→ **Task statement**: Reproduce everything from the line that contains "Active Pets Premium" down to the line that contains "Unisex Orange Logo-Print T-Shirt" in the listing below, word for word and nothing more. Leave the pictures out.

→ **Data extract**:

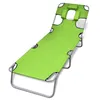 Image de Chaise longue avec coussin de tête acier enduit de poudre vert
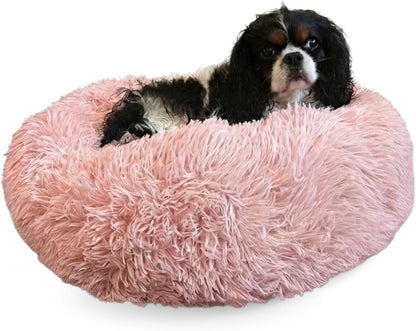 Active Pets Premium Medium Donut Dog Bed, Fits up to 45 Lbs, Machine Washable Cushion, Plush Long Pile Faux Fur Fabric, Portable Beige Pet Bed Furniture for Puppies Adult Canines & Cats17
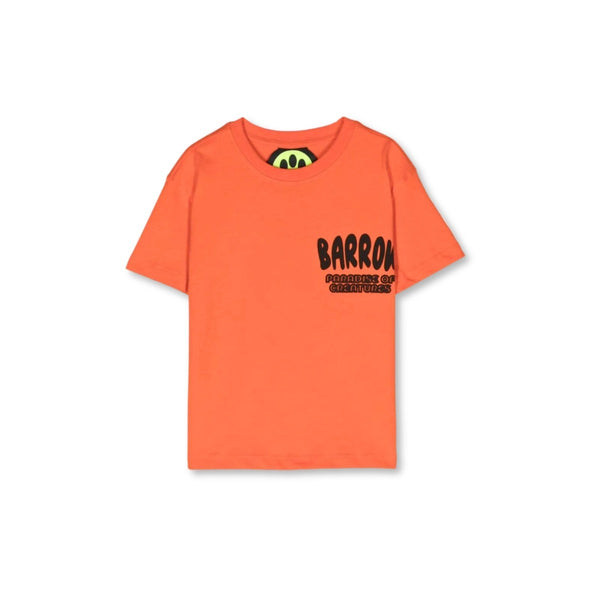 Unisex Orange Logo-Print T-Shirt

---

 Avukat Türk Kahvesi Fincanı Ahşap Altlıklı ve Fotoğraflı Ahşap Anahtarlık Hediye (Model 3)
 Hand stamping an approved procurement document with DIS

→ **Output for this task**:
 Active Pets Premium Medium Donut Dog Bed, Fits up to 45 Lbs, Machine Washable Cushion, Plush Long Pile Faux Fur Fabric, Portable Beige Pet Bed Furniture for Puppies Adult Canines & Cats17
 Unisex Orange Logo-Print T-Shirt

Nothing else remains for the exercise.